The KOP digital encoders are for 1/4 inch shafts, and the CIMs are 5/16ths. I have ordered a larger unit, but all I have right now is the AS5304. I would like to prove out the concept before trying to program the Jaguar into speed mode through the cRIO, so I would rather get the whole thing running on my test set up with direct PC control before complicating the interface side.
I have been experimenting with Jaguar in speed mode. Refer to the following thread:
It looks like it’s very tricky to get a stable PID control on Speed. I will play with the PID constants some more. If it is still too unstable, I may try to experiment with my own PID algorithm to see if it can do better.
Have you looked at the AS5304 output on an oscilloscope? Do you see pulses?
From the data sheet it appears that the chip needs to be positioned very precisely in relation to the multipole ring magnet to function.
I did it last year with encoders just fine, and will do it this year after the vision code is squared away. Remember, you need to set all the options (PID constants and such), or else it won’t work.

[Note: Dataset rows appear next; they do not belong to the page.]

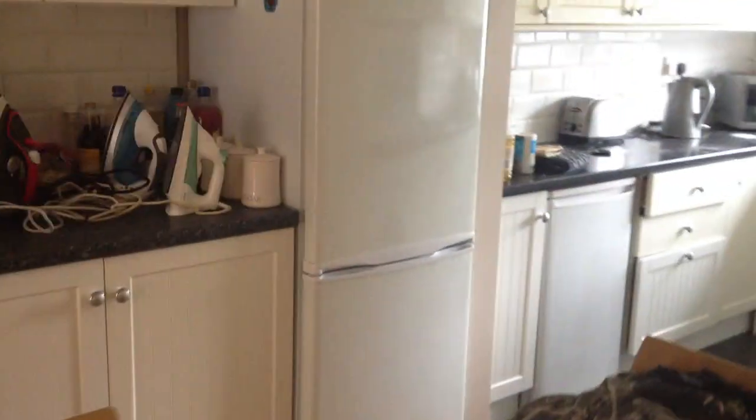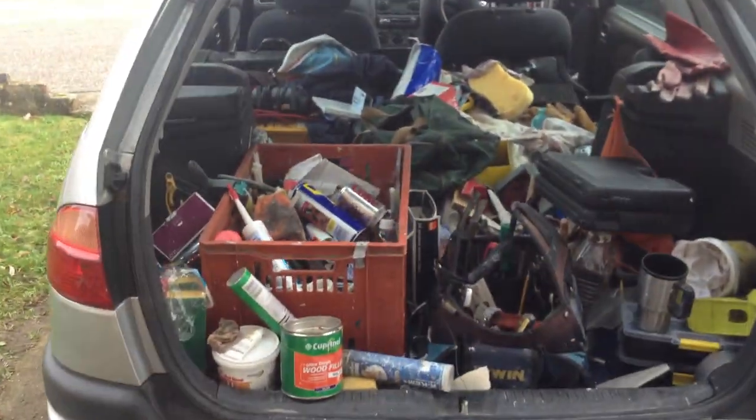This is a rented accommodation, several people living here, so this gets lots of wear and tear. Now here's the old battle wagon.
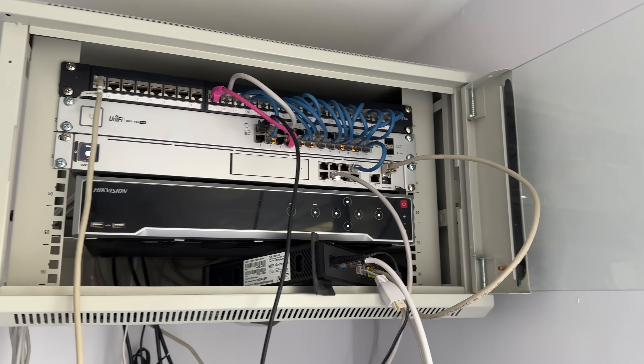Back in September October of 2024 I had just three items inside my rack: a UDM SE, a Gen 1 24 port switch and an NVR from another company that shall not be named. Now this has grown and expanded into a lot more and that is a big thanks to Ubiquiti for sending a lot of this gear out to me.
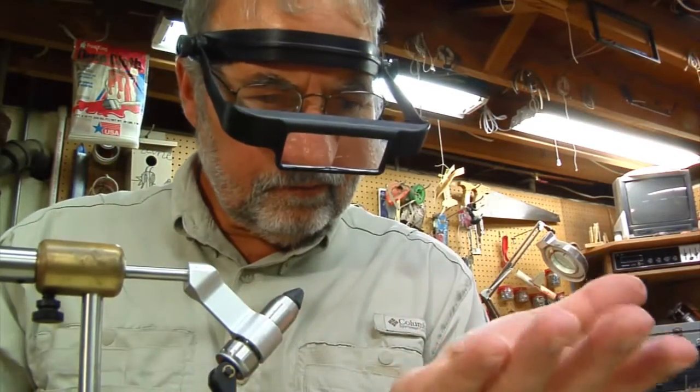The OptiSight makes my life easier because you can see like you may have seen when you were young. It's a very important tool to me.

-> Mike, yes, I have played with PIDs before. For the kicking the soccerball game, I suggested to the team we do a swerve drive, all wheel drive with separate all wheel turning. The PIDs to control the steering motors never worked well using PIDs, so I expect to have some work to do there. Fortunately, this year we do not need instant response to improve over PWM open loop Voltage control.

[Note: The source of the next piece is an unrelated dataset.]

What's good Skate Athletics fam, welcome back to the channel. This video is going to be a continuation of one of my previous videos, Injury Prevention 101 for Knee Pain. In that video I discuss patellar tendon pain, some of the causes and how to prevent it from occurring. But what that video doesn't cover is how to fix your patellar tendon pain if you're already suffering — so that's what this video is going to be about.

-> Matt I did not drag the scope over. I may try that soon. I did hook up a DVM to the index and A signals and experiment with a hand held magnet. I got beeps out of the DVM to show a rapid signal change on the Index pulse, and could get a moderate region of voltage change on the A channel. From what I can see, the AS5304 is an analog quadrature detector, with essentially one ‘line’ per revolution. To work on the robot, the A and B outputs would have to connect to the Analog sidecar, but the Index pulse should be digital, or better yet an interrupt pin. This would be a great place for an Arduino/Atmel or PIC to convert the A and B quadrature voltages into a digital angle.

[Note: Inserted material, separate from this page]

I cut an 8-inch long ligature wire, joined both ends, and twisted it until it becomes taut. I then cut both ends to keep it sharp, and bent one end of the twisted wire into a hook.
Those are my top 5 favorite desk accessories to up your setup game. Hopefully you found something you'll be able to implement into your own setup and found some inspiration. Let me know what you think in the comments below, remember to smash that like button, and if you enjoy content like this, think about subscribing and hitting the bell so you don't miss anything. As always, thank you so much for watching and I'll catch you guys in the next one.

-> Dan I believe that P=1.0;I=0;D=0 is a valid equation, but just in case the Jaguar was doing as you suggest and not implementing the PID at all until all 3 terms are none zero, I was using P=1.0;I=0.001;D=0.001 as a starting point. I commanded a minimalist 1 RPM, but with the measured speed always failing to work and recording as zero, I saw the ramp up function of the I term work perfectly until the Jaguar went into fault mode, probably numeric wrap around.
I still do not know why the index pulse, which is a digital signal, when fed into the Jaguar encoder channel A input as described in the getting started manual fails to measure any speed. Since I don't have this working yet, the magnetic encoder is not bolted down, and I can move it freely over the magnet on the shaft to try for the best position. I found the correct tiny button magnets int he shop and took them home for testing, but now I can not find them. So I am using a much larger ceramic magnet taped in the shaft on edge because the magnetic quadrature needs the difference between north and south to rotate. I verified a good signal using that magnet and orientation on the test bench, so it should work.